All Products
Search
Document Center

Microservices Engine:Why do a large number of connections in the TIME_WAIT state exist on my client after I use MSE instances?

Last Updated:Aug 03, 2023

Problem description

When Microservices Engine (MSE) instances are used, a large number of connections in the TIME_WAIT state exist on the client. This issue does not occur when self-managed Nacos instances are used.

Possible causes

The client establishes a large number of concurrent short-lived connections to the Server Load Balancer (SLB) instance and is responsible for closing the connections.

If a large number of connections in the TIME_WAIT state exist only after you use MSE instances and the access mode remains unchanged, your client may have experienced rapid reclaim or reuse of TIME_WAIT sockets. In this case, this issue may be caused by the following TCP kernel parameters:

  • net.ipv4.tcp_tw_recycle = 1

  • net.ipv4.tcp_tw_reuse = 1

  • net.ipv4.tcp_timestamps = 1

The captured packets show that this issue occurs because the SLB instance deletes the net.ipv4.tcp_timestamps parameter.

Solutions

For clients that do not have TCP timestamp information, replace short-lived connections with persistent TCP connections.

Note

To resolve this issue, you must also pay attention to the following parameters that specify TIME_WAIT-related thresholds:

  • net.ipv4.ip_local_port_range: specifies the maximum number of source ports.

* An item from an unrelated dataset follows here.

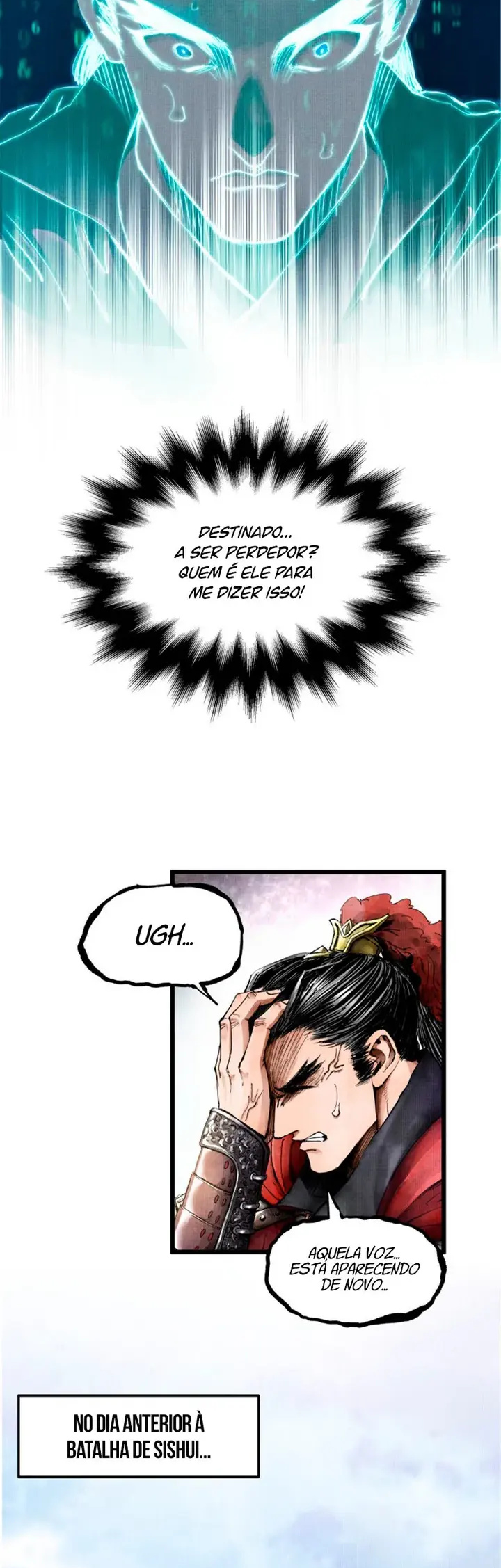 Lu Bu's Life Simulator Capítulo 1 Página 11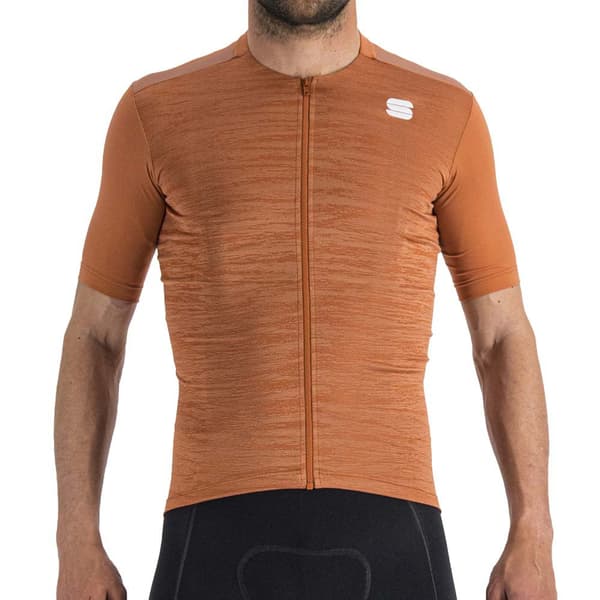 Sportful Kortærmet Jersey Supergiara Orange L Mand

  • net.ipv4.tcp_max_tw_buckets: specifies the maximum number of buckets in the TIME_WAIT state.

  • max open files: specifies the maximum number of file descriptors.

  • If the number of connections in the TIME_WAIT state is significantly smaller than the thresholds specified by the preceding parameters, ignore this issue.

  • If the number of connections in the TIME_WAIT state is close to the values of the thresholds specified by the preceding parameters, try to use one of the following solutions:

    • Increase the threshold values of the client machine to ensure that the number of connections in the TIME_WAIT state is smaller than half of each threshold value.

    • If you use Nacos Client 1.x, upgrade it to Nacos Client 2.x that supports persistent connections.